33. É linear que a norma colocada em crise detém um objectivo claro de garantir a eficácia da formação e a valorização profissional do estágio, estando em causa a boa formação profissional dos futuros Advogados, associadas à dignidade funcional e ao prestígio social da profissão de advogado e, concomitantemente, ao interesse público.
34. Como bem se sabe, em casos de colisões de direitos e de colisões entre direitos e bens públicos dignos de protecção jurídica poderá haver lugar a um sacrifício adequado e proporcional do direito para, deste modo, se salvaguardar o superior interesse público e genérico da sociedade. Este é, precisamente, o caso dos autos.
35. Atente-se no seguinte: «Há inúmeras situações em que essa consequência seria absurda ou totalmente injustificada à luz das razões substanciais que fundamentam as exigências de reserva de lei. É assim quando a intervenção restritiva, ainda que legalmente não prevista, tem um carácter de necessidade tão óbvia e pacífica que se pode inferir, com segurança, que o legislador teria habilitado a Administração a intervir com o sentido e alcance restritivos com que esta o faz caso tivesse previsto ou podido prever a ocorrência da colisão que a Administração procura resolver».

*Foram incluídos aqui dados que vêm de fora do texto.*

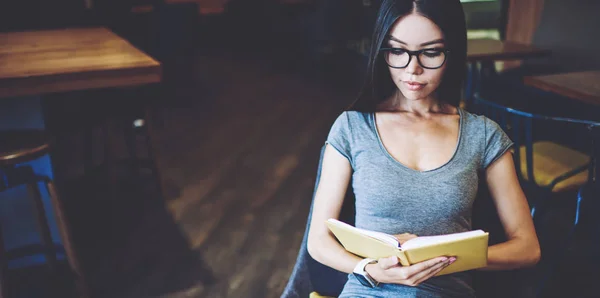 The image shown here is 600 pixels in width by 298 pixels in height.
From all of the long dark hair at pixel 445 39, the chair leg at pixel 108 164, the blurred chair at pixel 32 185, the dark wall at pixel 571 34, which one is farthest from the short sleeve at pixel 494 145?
the dark wall at pixel 571 34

36. Aliás refira-se, tal actuação da Administração não é de todo desconhecida na RAEM, veja-se meramente a título exemplificativo, em virtude do combate à pandemia do Covid-19, as várias ordens executivas, avisos, regulamentos administrativos, etc. que encerram decisões que, salvo melhor apreciação, estando embora respaldados em geral pelo bem público defesa da saúde pública, não deixam de interferir restritivamente em vários direitos fundamentais e, ao que se saiba, ao menos em alguns desses casos, poderão não estar dotados de qualquer habilitação legal prévia exposta de um modo expresso e inequívoco.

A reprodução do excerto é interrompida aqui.